With the home improvement industry sentiment garnering positive sentiment heading into 2018, Lowe’s Companies, Inc LOW shares are looking more attractive against key competitors and the overall market, according to a new analyst report.
The Analyst
Budd Bugatch of Raymond James upgraded Lowe’s from Market Perform to Outperform with a $87 price target.
The Thesis
Continuing home price appreciation and wage increases are an encouraging sign for homeowners to engage in discretionary household projects, in addition to ongoing maintenance and repair spending, Bugatch said in a Monday note. (See Bugatch's track record here.)
After a strong third quarter earnings and sales beat, the home improvement industry and specifically Lowe’s are heading into 2018 with considerable momentum, the analyst said.
“Underlying industry indicators, as well as comments from key industry suppliers, remain generally supportive of the home improvement industry moving into 2018."
Lowe’s e-commerce segment is also showing signs of promise, with online comp sales growing 33 percent in the most recent quarter, according to Raymond James. Of online sales, 60 percent of purchases were picked up in-store, with 40 percent of online customers deciding to purchase additional items when they arrived to pick up their order.

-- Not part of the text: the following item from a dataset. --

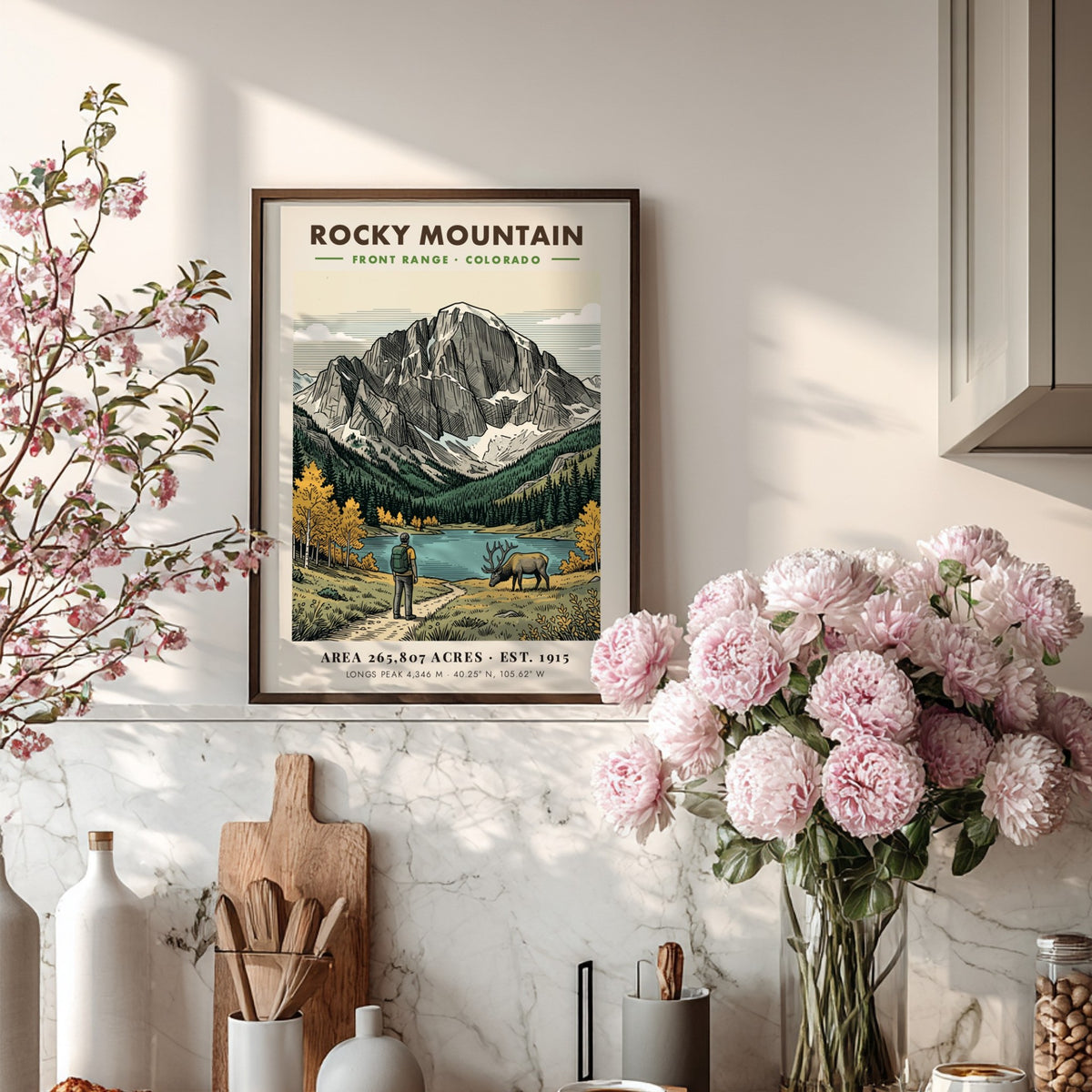 Rocky Mountain National Park poster showing a hiker, grazing elk, and Longs Peak.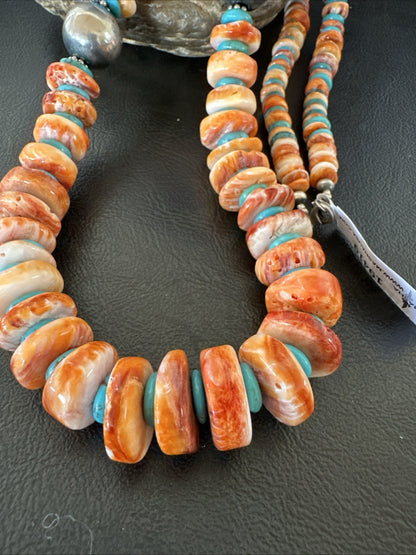 30" Spiny Oyster Turquoise Graduated Navajo Pearl Sterling Silver Necklace 19419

Lowe’s management has a lot on its plate in the upcoming quarters, as the company works through a new staffing model and integrates recent acquisitions, including the recently completed $512 million acquisition of Maintenance Supply Headquarters, Bugatch said.
The company's intrinsic value now "justifies a more positive rating," he said.
Price Action
Lowe was up 0.76 percent at $79.83 at the close Monday.